A guest house for Project officers, staff and contractors has been constructed with AC and LCD TV sets. Though the scope of ‘ancillary works’ include shelter for workers, at Kalu they and their children sleep in the river bed, while the CRPF reside in rooms.
“The non forest land on which excavation is being done belongs to adivasis. No legal acquisition has even been started. With no EIA, no environmental clearance, no public hearing, local voices are stifled,” points out Parineeta Dandekar, of the South Asia Network on Dams.
The provisions of Panchayat Extension to the Scheduled Areas (PESA) require informed consent from Gram Sabhas “Gram Sabhas here have resolved to resist this project. The construction amounts to violation of PESA,” says B More, a tribal.
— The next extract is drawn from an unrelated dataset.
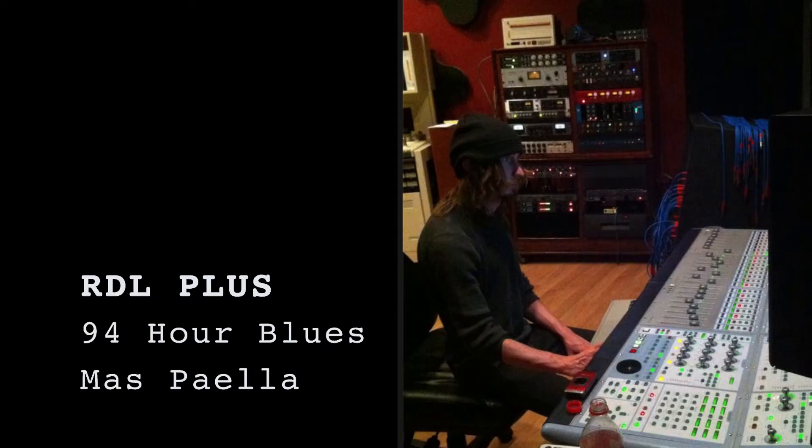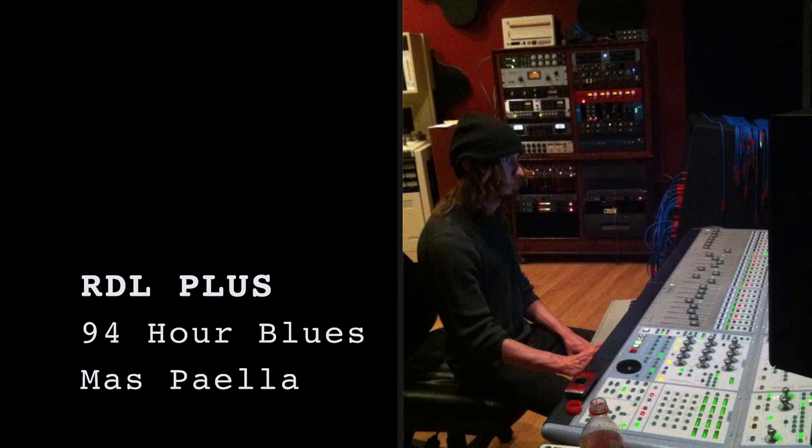As an audio engineer, the best thing is to always do as much as you possibly can, in my opinion, and push yourself to understand music that's not necessarily something you've come from yourself.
The submergence area of Kalu Project includes about 1,000 hectares of forest land. The area is inhabited by traditional forest dwellers, who depend entirely on the forest resources for their livelihood. Many have filed individual cultivation rights claims under the Recognition of Forest Rights Act 2006 (FRA). “About 24 villages have their community forest rights over this land for food gathering, collection and sale of produce. None have been documented or re-settled yet, though the FRA, Section 4, subsection 5 states: “No member of a forest dwelling communities shall be evicted till the recognition and verification process under this act is complete.” This makes the work an FRA violation too. The Katkari, Thakur and Mahadev Koli tribes use these forests as grazing grounds, and fishing as a source of food.
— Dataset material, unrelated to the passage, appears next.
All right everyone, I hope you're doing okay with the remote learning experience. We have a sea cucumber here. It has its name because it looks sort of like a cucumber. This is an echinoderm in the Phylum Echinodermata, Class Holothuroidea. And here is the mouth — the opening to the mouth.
The project contractor has already felled thousands of trees near the site without permission from the forest dept. After repeated agitations by Shramik Mukti Sangathana, the local forest officials confiscated one dumper and 178 stumps of timber. In fact, six NGOs have complained to the Union minister for environment & forests Jairam Ramesh, Maharashtra chief secretary Ratnakar Gaikwad and the chairperson, Western Ghats Expert Ecology Panel Prof Madhav Gadgil.
MMRDA commissioner Rahul Asthana, brushed off responsibility saying, “We are simply funding the project, not executing it. All the responsibility for execution is with the KIDC.” KIDC chief Dr SS Magar said, “Sometimes when you want to reach some where fast you have to jump a few signals.”